Friday, April 19, AD 2024 5:26pm

Fortnight For Freedom: A New Nationality

 

 

“We’ve spawned a new race here Mr. Dickenson, rougher, simpler, more violent, more enterprising, less refined. We’re a new nationality. We require a new nation.”

Benjamin Franklin, 1776

 

 

 

 

He started off in a low voice, though you could hear every word. They say he could call on the harps of the blessed when he chose. And this was-just as simple and easy as a man could talk.
But he didn’t start out by condemning or reviling.

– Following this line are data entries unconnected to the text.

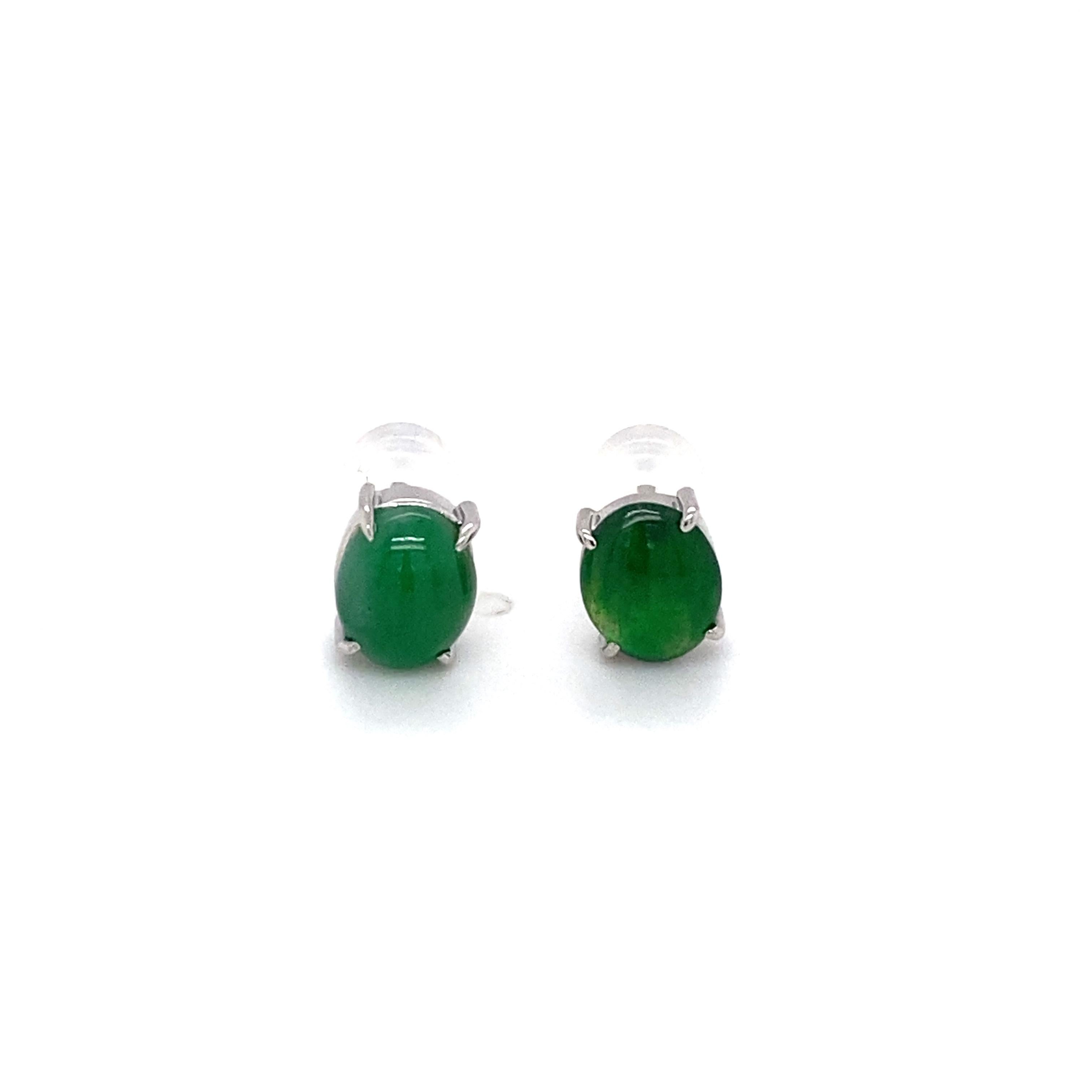 Modern Oval 2.10 Carat Green Apple Jade Cabochon Stud Earrings in Platinum For Sale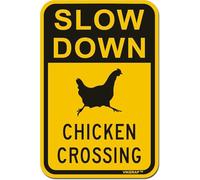 Panneau Slow Down Chicken Crossing, 20,3 x 30,5 cm, aluminium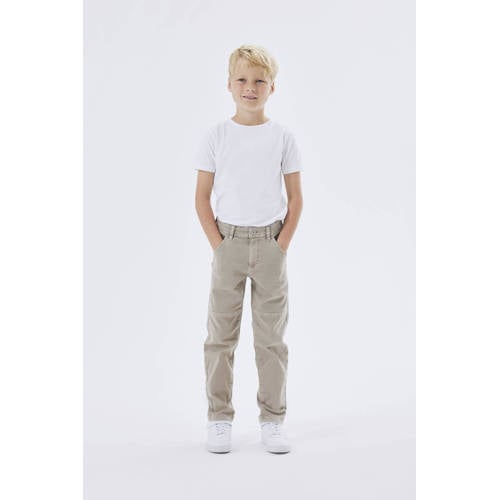 name it KIDS tapered fit broek NKMSILAS beige Jongens Stretchkatoen Effen 152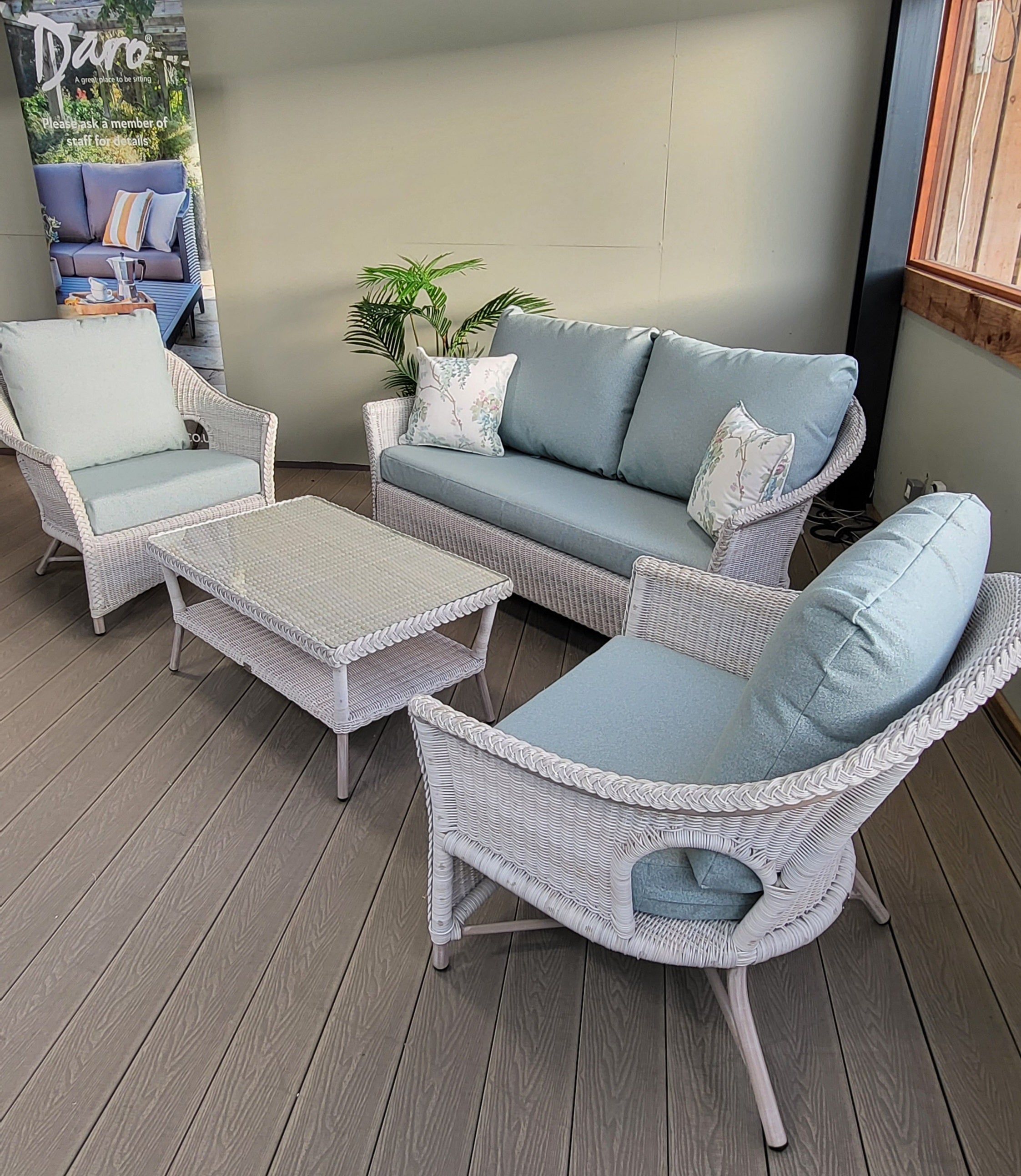 Cebu Outdoor Lounge Seating Cushions Alora Duck Egg | Daro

He was talking about the things that make a country a country, and a man a man.  And he began with the simple things that everybody’s known and felt-the freshness of a fine morning when you’re young, and the taste of food when you’re hungry, and the new day that’s every day when you’re a child. He took them up and he turned them in his hands. They were good things for any man. But without freedom, they sickened. And when he talked of those en-slaved, and the sorrows of slavery, his voice got like a big bell. He talked of the early days of America and the men who had made those days. It wasn’t a spread-eagle speech, but he made you see it. He admitted all the wrong that had ever been done. But he showed how, out of the wrong and the right, the suffering and the starvations, something new had come. And everybody had played a part in it, even the traitors.